Why incremental models save time and cost in dbt - Performance Analysis
Incremental models in dbt help us process only new or changed data instead of the entire dataset every time.
We want to know how this approach affects the time it takes to run and the cost involved.
Analyze the time complexity of this incremental model code snippet.
{{ config(
materialized='incremental',
unique_key='id'
) }}
select * from source_table
{% if is_incremental() %}
where updated_at > (select max(updated_at) from {{ this }})
{% endif %}
This code selects all rows from the source table on the first run, then only new or updated rows on later runs.
- Primary operation: Scanning rows from the source table.
- How many times: Once for all rows on first run; only for new or updated rows on later runs.
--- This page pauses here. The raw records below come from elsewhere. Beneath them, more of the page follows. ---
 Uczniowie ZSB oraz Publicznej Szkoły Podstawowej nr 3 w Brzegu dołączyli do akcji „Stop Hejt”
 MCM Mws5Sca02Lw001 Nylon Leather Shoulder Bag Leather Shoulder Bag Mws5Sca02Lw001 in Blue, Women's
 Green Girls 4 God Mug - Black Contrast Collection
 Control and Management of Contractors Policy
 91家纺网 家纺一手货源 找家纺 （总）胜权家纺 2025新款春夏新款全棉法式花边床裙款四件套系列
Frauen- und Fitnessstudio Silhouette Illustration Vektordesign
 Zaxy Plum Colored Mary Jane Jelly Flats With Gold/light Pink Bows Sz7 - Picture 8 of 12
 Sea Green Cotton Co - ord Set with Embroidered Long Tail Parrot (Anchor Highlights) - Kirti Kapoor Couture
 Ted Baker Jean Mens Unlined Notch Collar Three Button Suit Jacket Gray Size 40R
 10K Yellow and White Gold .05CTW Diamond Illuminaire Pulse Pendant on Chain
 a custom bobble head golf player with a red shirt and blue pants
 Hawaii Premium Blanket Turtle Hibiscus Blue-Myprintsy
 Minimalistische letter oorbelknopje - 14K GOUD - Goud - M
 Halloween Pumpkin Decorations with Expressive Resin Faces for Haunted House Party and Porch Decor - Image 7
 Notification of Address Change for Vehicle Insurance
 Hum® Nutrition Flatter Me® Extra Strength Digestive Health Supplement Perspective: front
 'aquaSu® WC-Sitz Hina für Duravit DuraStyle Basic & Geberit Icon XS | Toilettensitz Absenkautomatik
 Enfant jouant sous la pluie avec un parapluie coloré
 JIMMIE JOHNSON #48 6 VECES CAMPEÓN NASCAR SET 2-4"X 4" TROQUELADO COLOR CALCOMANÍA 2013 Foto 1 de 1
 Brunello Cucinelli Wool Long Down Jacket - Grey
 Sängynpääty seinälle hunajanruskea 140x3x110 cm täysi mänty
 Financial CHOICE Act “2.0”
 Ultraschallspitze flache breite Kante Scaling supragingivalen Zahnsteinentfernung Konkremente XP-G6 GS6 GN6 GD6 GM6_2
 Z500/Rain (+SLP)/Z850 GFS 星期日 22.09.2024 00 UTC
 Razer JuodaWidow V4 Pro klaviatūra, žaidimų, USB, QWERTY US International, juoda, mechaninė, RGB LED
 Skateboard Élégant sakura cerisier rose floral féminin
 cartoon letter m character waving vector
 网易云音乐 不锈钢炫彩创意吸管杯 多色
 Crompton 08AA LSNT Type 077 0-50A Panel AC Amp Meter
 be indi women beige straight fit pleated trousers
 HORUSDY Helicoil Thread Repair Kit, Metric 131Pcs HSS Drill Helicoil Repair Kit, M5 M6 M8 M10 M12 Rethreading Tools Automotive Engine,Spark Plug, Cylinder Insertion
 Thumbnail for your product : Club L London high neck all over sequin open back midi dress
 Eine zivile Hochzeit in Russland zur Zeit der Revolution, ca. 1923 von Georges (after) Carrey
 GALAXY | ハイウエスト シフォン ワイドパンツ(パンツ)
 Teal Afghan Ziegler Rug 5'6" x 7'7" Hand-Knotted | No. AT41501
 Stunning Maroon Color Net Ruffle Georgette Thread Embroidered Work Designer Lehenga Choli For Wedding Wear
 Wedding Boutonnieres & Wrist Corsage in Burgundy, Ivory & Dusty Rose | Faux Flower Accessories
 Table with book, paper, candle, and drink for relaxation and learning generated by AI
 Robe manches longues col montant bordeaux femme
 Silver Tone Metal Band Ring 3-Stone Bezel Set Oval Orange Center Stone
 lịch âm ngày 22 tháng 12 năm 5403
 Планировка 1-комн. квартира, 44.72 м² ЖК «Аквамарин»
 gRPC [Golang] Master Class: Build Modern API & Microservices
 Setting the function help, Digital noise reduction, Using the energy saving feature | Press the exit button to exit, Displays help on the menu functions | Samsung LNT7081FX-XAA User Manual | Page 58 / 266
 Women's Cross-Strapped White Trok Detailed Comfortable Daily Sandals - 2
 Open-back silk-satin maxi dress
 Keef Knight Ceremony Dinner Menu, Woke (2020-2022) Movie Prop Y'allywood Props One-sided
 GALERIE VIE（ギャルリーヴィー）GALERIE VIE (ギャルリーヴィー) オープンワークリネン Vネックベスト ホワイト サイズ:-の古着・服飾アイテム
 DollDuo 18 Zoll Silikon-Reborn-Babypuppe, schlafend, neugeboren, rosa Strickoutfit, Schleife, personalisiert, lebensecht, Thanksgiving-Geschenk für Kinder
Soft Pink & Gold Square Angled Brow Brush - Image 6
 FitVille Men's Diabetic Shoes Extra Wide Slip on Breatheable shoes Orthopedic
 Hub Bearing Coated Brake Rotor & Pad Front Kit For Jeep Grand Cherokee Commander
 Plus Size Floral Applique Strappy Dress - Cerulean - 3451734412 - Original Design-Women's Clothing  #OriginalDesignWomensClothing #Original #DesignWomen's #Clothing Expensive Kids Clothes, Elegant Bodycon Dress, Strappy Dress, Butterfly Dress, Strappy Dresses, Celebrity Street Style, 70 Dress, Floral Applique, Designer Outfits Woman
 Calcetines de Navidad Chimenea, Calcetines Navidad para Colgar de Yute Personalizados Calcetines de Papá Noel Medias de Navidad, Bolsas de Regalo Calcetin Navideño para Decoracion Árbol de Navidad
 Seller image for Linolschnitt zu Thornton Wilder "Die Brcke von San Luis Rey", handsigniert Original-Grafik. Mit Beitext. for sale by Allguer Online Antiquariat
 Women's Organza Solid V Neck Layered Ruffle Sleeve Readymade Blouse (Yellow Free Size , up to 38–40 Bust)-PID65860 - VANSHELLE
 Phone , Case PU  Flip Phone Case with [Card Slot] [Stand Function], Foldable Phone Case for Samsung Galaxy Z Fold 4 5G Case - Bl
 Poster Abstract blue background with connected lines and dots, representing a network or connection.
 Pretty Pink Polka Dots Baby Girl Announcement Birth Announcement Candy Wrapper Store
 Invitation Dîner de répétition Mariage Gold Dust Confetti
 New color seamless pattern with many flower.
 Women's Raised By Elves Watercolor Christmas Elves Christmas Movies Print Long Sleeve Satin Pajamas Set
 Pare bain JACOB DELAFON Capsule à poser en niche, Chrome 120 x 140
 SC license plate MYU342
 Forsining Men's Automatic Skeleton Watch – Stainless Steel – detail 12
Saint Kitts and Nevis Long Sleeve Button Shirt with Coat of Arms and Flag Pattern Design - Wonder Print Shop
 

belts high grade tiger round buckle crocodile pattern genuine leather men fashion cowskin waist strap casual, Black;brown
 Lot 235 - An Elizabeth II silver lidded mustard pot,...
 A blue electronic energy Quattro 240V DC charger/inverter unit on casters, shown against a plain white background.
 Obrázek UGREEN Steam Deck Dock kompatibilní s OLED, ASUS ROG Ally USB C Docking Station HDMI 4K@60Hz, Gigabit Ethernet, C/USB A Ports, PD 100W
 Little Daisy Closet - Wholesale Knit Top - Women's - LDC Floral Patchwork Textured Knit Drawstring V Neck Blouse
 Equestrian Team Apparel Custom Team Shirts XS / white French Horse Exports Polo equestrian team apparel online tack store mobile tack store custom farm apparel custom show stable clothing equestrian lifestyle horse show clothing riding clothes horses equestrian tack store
When the model runs the first time, it processes all rows, so time grows with total data size.
| Input Size (n) | Approx. Operations |
|---|---|
| 10 | 10 rows scanned |
| 100 | 100 rows scanned |
| 1000 | 1000 rows scanned |
On later runs, only new or changed rows are scanned, so operations grow with the number of changes, not total data.
Time Complexity: O(k)
This means the time depends on the number of new or updated rows (k), not the total data size.
[X] Wrong: "Incremental models always scan the entire dataset every time."
[OK] Correct: Incremental models only scan new or changed data after the first run, saving time and cost.
Understanding incremental models shows you can handle large data efficiently, a key skill in real projects.
"What if the incremental model did not have a unique key? How would that affect the time complexity?"